What about Stable Genius? We have a very stable genius in the WhiteHouse…


#9

Whereas what’s being pushed here is a very socialist myth, denying the role of the acting individual in favor of the masses. So much better. Just add a bit of moronic guilt by association on top (“Did you know the guy who popularized the term was a eugenicist!?” - It intensely reminds me of Ben Stein declaring that he can’t accept Darwinism because it’s the root of social Darwinism and that resulted in the Holocaust. Checkmate, evolutionists.).

It’s both. Nobody creates in a vacuum and every genius is standing on a huge pyramid of previous though and people who form, run and protect the society he gets to peacefully work in. On the other hand, no number of average college professors constitutes a viable substitute for Newton or Einstein.


#10

It is odd that Termin never questioned whether his preselection methodology was faulty, rather than concluding that genius must not exist, because he could not predict it.

And I don’t think anyone believes that even the greatest leaps in innovation are not built on lots of existing knowledge. It is reasonable to believe that some people are able to use the same knowledge and skills available to everyone else, yet are able to produce something extraordinary.


#11

But the truth is you don’t have to be superhuman to create. It’s all based in ordinary thinking.

No. No it’s not.

Maybe any one of us could pen the next Sound and the Fury, if only we believe in ourselves. But very few people could take the Michaelson-Morely experiment and make the leap to general relativity. And how many of the ones who could, could also use quantum mechanics to describe the piezoelectric effect?

Didn’t think so.


#12

I enjoy coming up with novel combinations of things, which has resulted in people calling me a genius now and then. The original idea typically comes from thinking about solving a problem in an inappropriate manner, or using an inappropriate device as part of a gizmo. Seeing the non-obvious connection between this and that is the stroke of genius, as it were.

It’s an act of rebellion against standard problem solving, as far as I can tell. The trick is to not reject the idea, just because it sounds unlikely to work.

I also never finished college, which means that I am demonstrated to be not capable of obeying the rules for long enough. So there, staid academic world.


#13

Yeah, Roman animism hung around an awful long time after they tried to anthropomorphise their gods in the style of the Greeks.


#14

The Great Man / Historical Inevitability argument will never die, providing lecture fodder for high school history teachers forever.


#15

GENIUS: Person clever enough to be born in the right place at the right time of the right sex and to follow up this advantage by saying all the right things to all the right people.
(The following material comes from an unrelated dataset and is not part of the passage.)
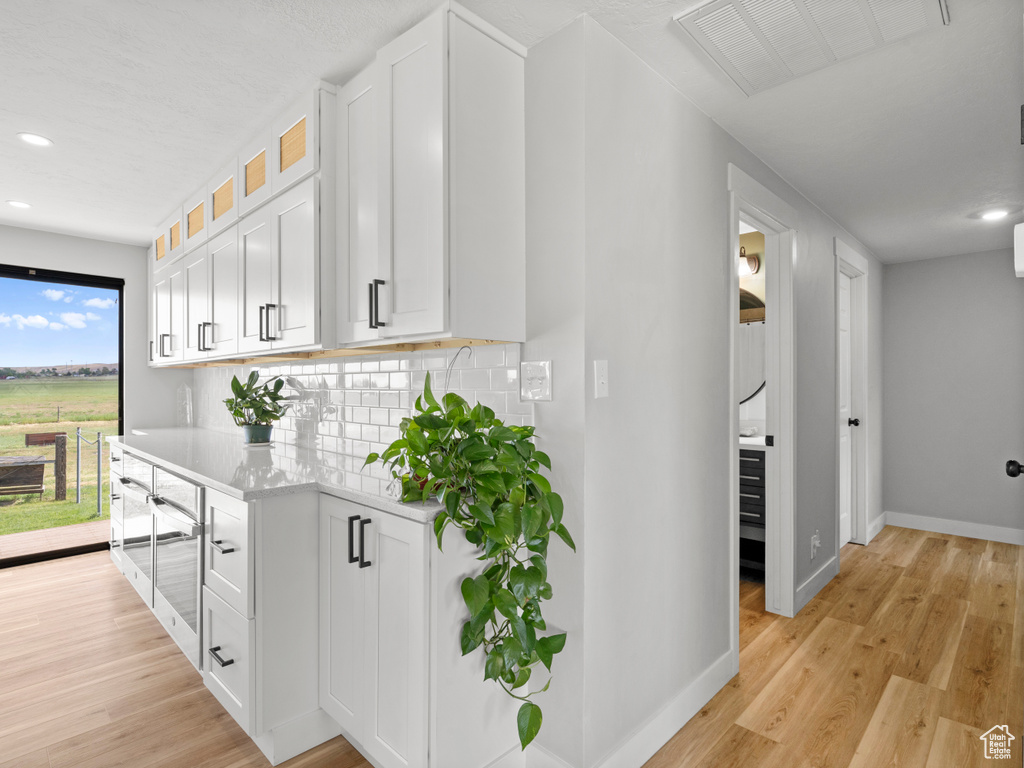 Hallway with baseboards, light wood-style flooring, and recessed lighting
–Unsourced, from the *nix “Fortune” file

ETA: Gee, Google found the last time I quoted that.


#16

Human success as a species has been our sociability, we are the beehive of the great apes. An individual human (a true feral) is not all that, in either the food chain or intelligence.


#17

Under the same circumstances as those that did? Many.

Nouns are mythos, a thing outside of its environment is just a concept, not part of the grander verb.


#18

. . . or Liebniz?


#19

Calculus was far from the only thing Newton contributed. And Leibniz was definitely no average Joe either.

There are some inventions that could be said to be the product of a gradual, step-by-step process of discovery and refinement - something to be arrived at just by putting enough qualified man-hours into it. (And we can debate what level of minimal qualification constitutes a genius-level barrier.) But there are also paradigm shifts (like relativity) which require someone who not only understands the field as it is but is able to transcend the accumulated scaffolding and see beyond the limits imposed by the previous system of knowledge.


#20

Mozart? Mendelssohn? (Also their sisters, apparently.)

Of course, one could substitute “prodigy,” but that’s just swapping labels. Something is going on with such people, and it’s not just hard work and incremental improvement.